It is also possible that you won’t be doing much more than paying the interest on your credit card, if you only make the minimum payment each month, while leaving the principal balance untouched.

And the worst thing is that the less you pay each month on an existing balance, the more you will pay have to pay in interest, year after year. This may become a never ending cycle as you will be paying the interest only each month and the original amount borrowed will remain the same.

How to Avoid Paying Finance Charges

The best way to avoid paying finance charges is by contacting your bank and asking them exactly how they calculate the finance charges, and when they apply them to your balance.

How do Banks Calculate Finance Charges?

Different banks use different methods, so it’s important to talk to them directly in order to get the right information.

The average daily balance method

The average daily balance method is one of the methods used by banks, whereby they take your daily balance, divide it by the days in the month and then multiply it by the credit card APR divided by 12 months.

For example, suppose that your APR is 20% and your average daily balance is $500, this will make your finance charge around $8.33 a month, or nearly $100 a year. And this amount does not include the compounding interest.

Two-Cycle Billing Period

Another method for calculating the finance charges is the two-cycle billing period. This method takes the sum of the last two months to determine the applicable finance charges. But most of the banks that use this method leave out new purchases, so the finance charge is similar to the average daily balance system.

Finance charges increase the initial borrowed amount to a great extent.
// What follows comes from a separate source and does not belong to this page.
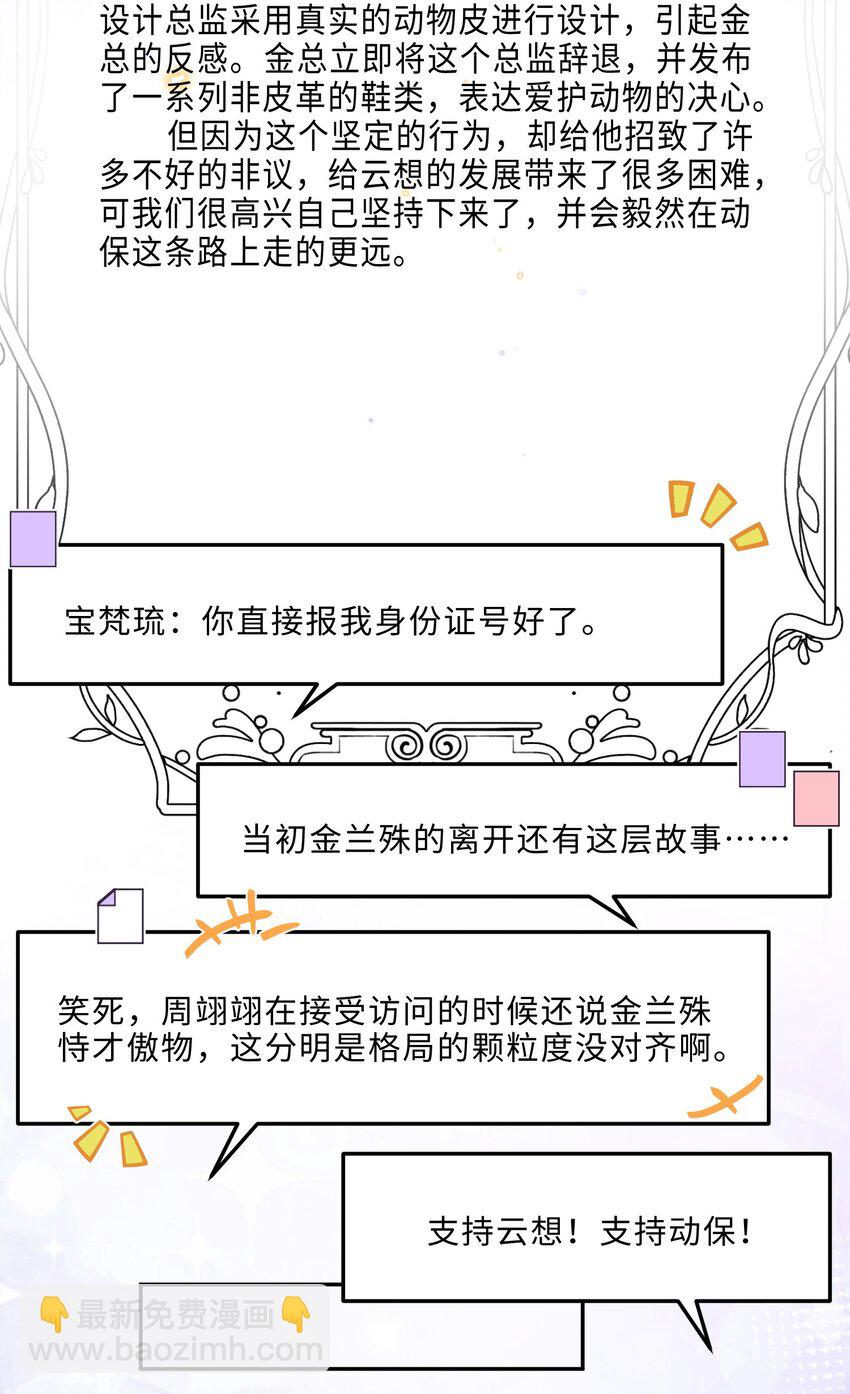 085 都是金兰殊的错！-第90话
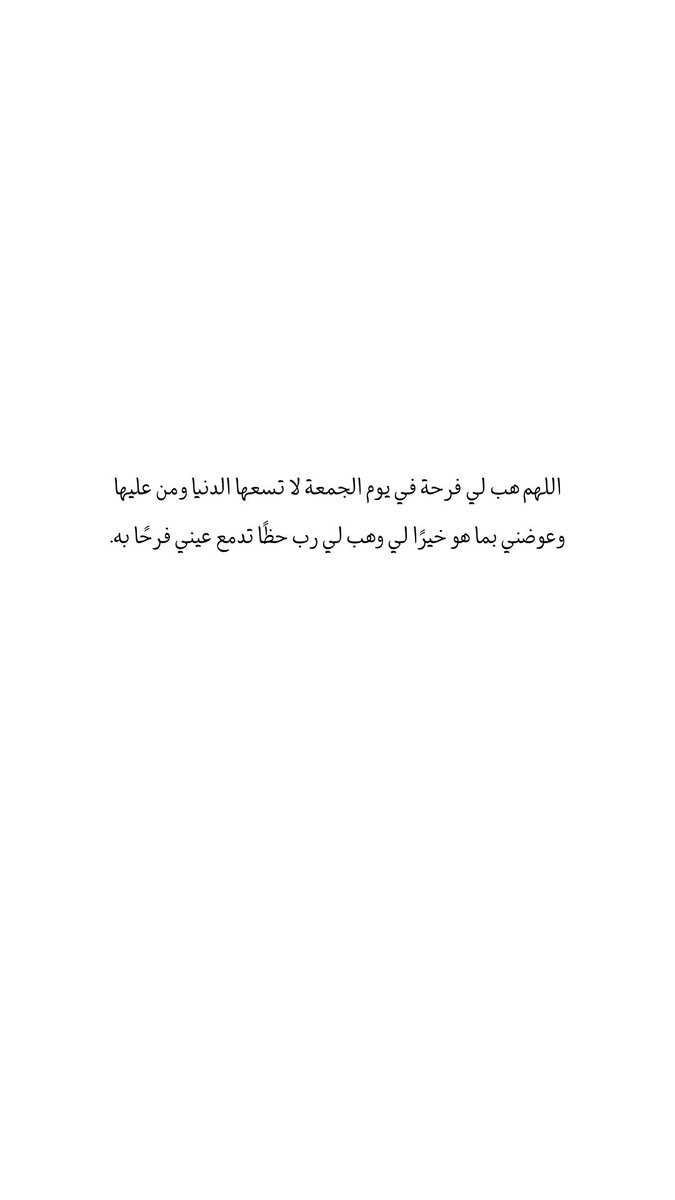 m_alibrahim8's tweet photo. #يوم_الجمعة 
#ساعه_استجابة 
#اللهم_صل_وسلم_على_نبينا_محمد https://t.co/os0xAYSFNn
Thus, the best practice, aside from understanding how your bank assesses finance charges, is to avoid paying them.

Conclusion

In order to avoid the finance charges, try a credit card balance transfer to a 0% APR credit card, if you have a large balance at a high APR. This way, you will only have to payback the principle amount and avoid paying the finance charges for up to 12 months. You may even be able to pay the credit card off completely without having to pay any finance charges or associated fees.

It is better not to make the minimum payments on your credit cards unless there is no other option left for you. Paying only the minimum will result in the highest amount of finance charges, and a life full of debt.